GSA Connects 2021 in Portland, Oregon

Paper No. 208-1
Presentation Time: 8:05 AM

GEOPHYSICAL RECONNAISSANCE SURVEYS FOR SITING OF CRITICAL ZONE INVESTIGATIONS IN RED LAKE PLAYA, JORNADA DEL MUERTO, NEW MEXICO


DOSER, Diane, Earth, Environmental and Resource Sciences, The University of Texas at El Paso, 500 W University Ave, El Paso, TX 79902, BAKER, Mark R., Private Consultant, 6040 Strahan Rd., El Paso, TX 79932 and BAKER, Luke A., El Paso Community College, El Paso, TX 79932

Funding to study dryland critical zones (in both natural and agricultural settings) has motivated the use of geophysical surveys as aids for locating two natural sites within the Jornada Experimental Range northeast of Las Cruces, New Mexico. The first site, focused on monitoring unsaturated zone fluxes in a caliche-dominated piedmont environment, required reconnaissance studies to avoid fault zones and rapid facies transitions, thus providing the best approximations for 1-D hydrologic models. We used LiDAR, DEM and regional potential fields data to design the initial magnetic field and EM conductivity surveys. We then collected magnetic field, magnetic susceptibility and EM conductivity measurements to aid in site selection and to design ongoing local seismic and gravity surveys. The second site, the Red Lake playa, was selected to investigate the most likely location of regional groundwater recharge with significant episodic water accumulation.
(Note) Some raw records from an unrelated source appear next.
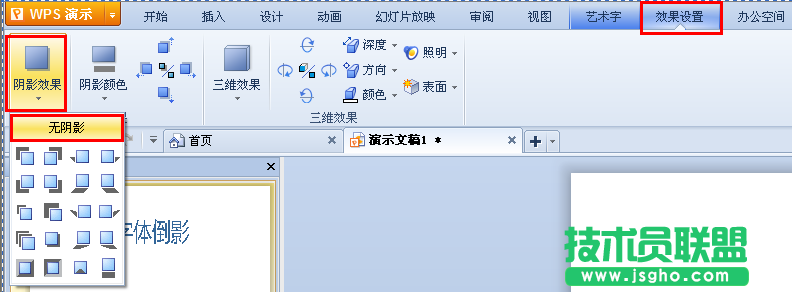 wps演示打造字体倒影效果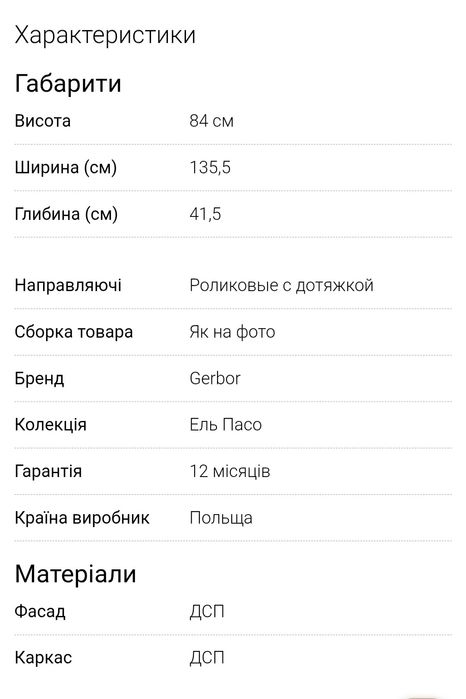 Комод Ельпасо 135 см в идеальном состоянии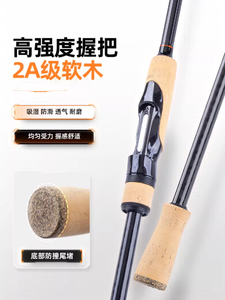 Caña de Pescar de Carbono FAST Action con Mango de <span class=keywords><strong>Madera</strong></span> para Pescar Pez Mandarín y Lubina de Boca Ancha - Uso en Lagos y Ríos - Product Image 5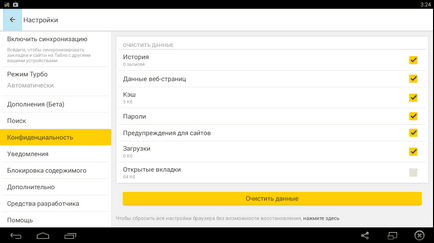 Journal of látogatók Yandex oldalak, mint a tiszta, minden eszközön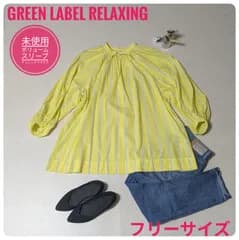 【未使用】グリーンレーベルリラクシング　ボリュームスリーブチュニックブラウス　体型カバー　イエロー　ストライプ柄　フリーサイズ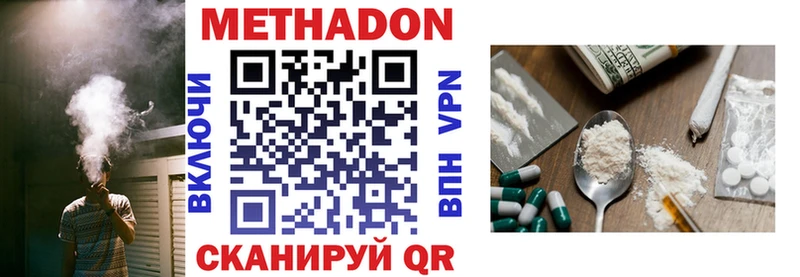 МЕТАДОН VHQ  дарк нет формула  Зверево 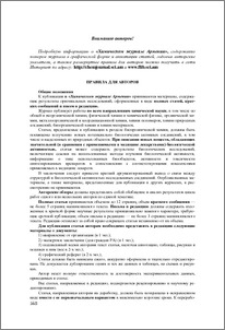 Правила для авторов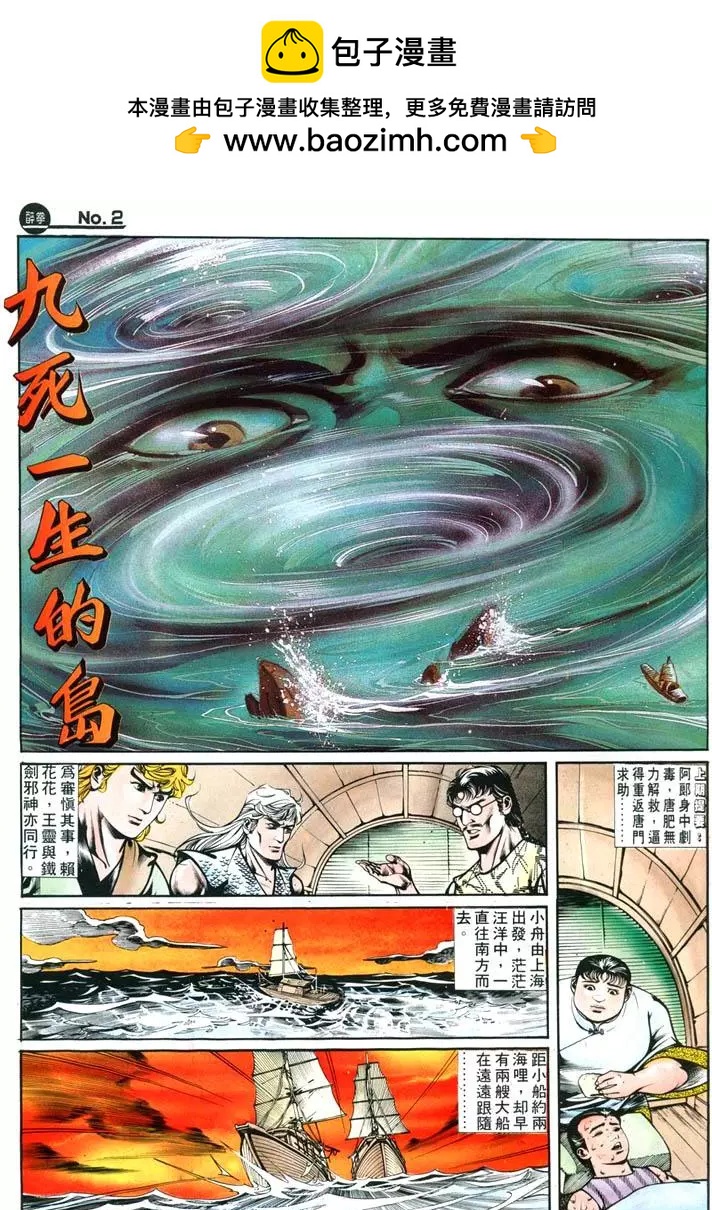 舊著醉拳 - 第420卷 - 2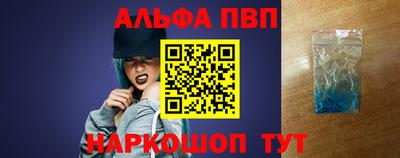 индика Кулебаки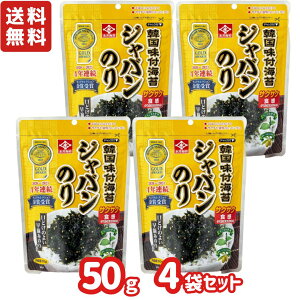 iC ؍tC Wô 50g × 4 y ؍C tC Ɩp iC ؍tC Wô ؍C tC z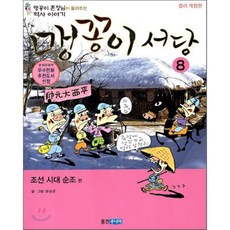 맹꽁이서당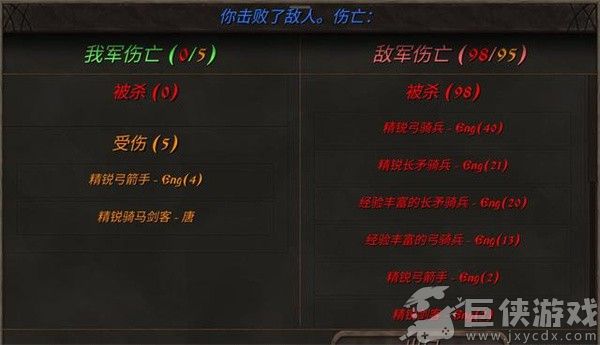 钢铁之躯2新大陆中文版无限金币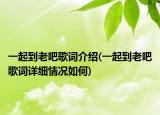 一起到老吧歌词介绍(一起到老吧歌词详细情况如何)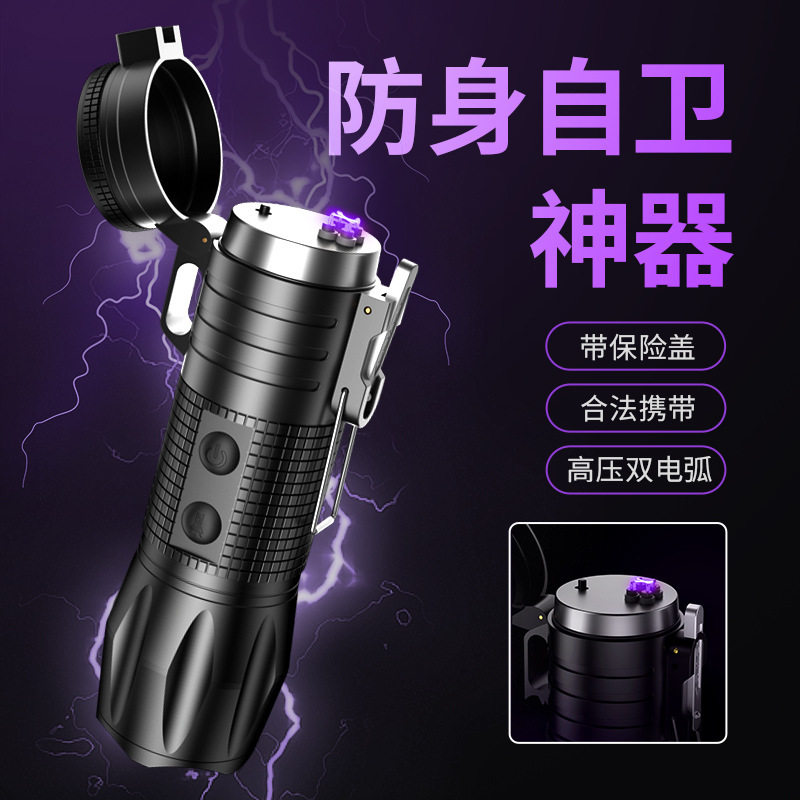 点烟打火机手电筒防狼棍电弧强光充电打火机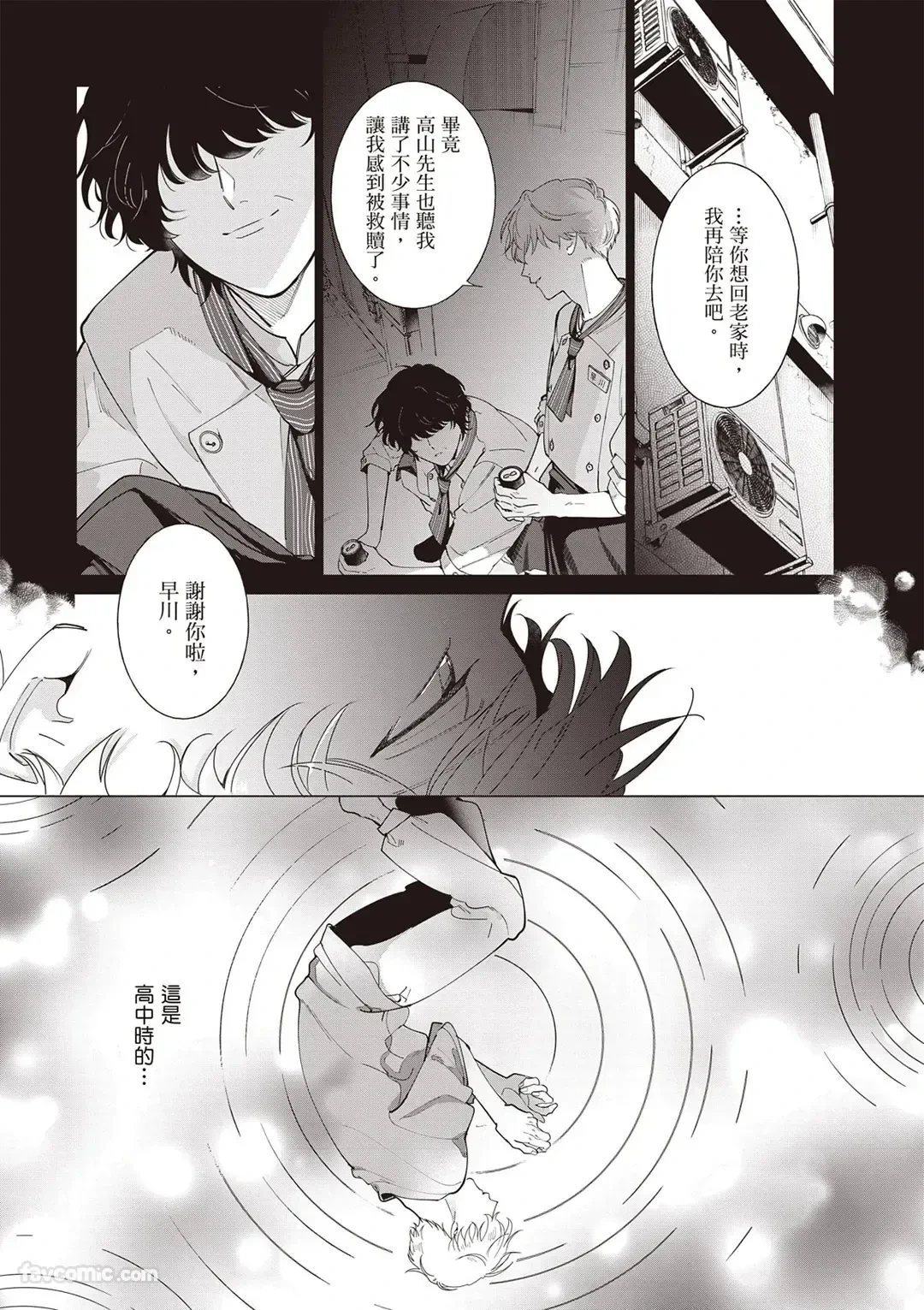 หน้า 108
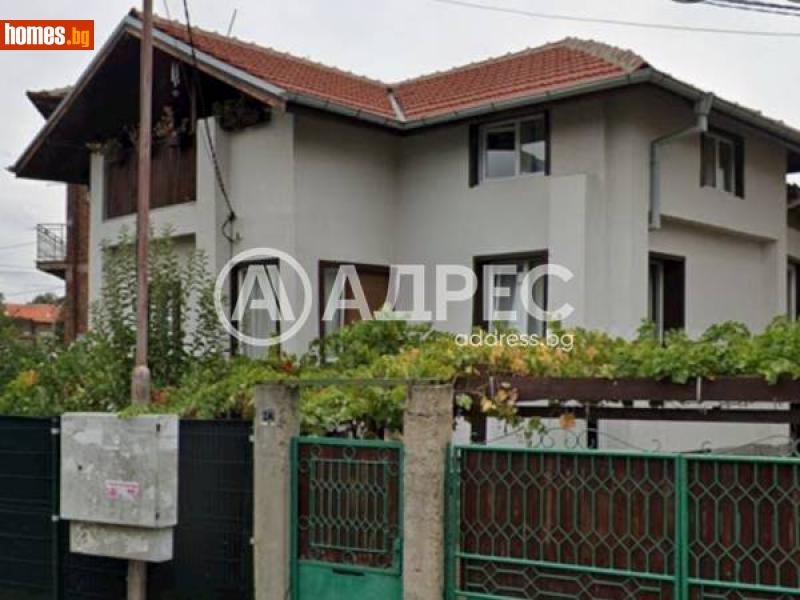 Къща, 120m² - Кв. Орландовци, София - Къща за продажба - АДРЕС НЕДВИЖИМИ ИМОТИ - 115896052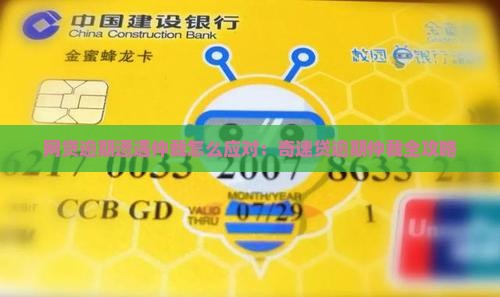 奇速贷逾期被仲裁怎么办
Within the playa, Rio Grande rift related subsidence stacks surficial playa deposits on top of fluvial deposits of the ancestral Rio Grande on top of Oligocene-Miocene volcaniclastics of the Doña Ana, Organ and Emory Calderas. Lacustrine clay with deep shrinkage cracks precludes use of many geophysical techniques (e.g. seismic, radar, DC resistivity). Magnetic field, magnetic susceptibility, DEM and EM conductivity identified potential Rio Grande channel locations relative to basin faulting. We underestimated depositional and structural complexity at the playa site, requiring resurveying with a 5 m magnetic gradiometer spacing, to provide a usefully unaliased dataset.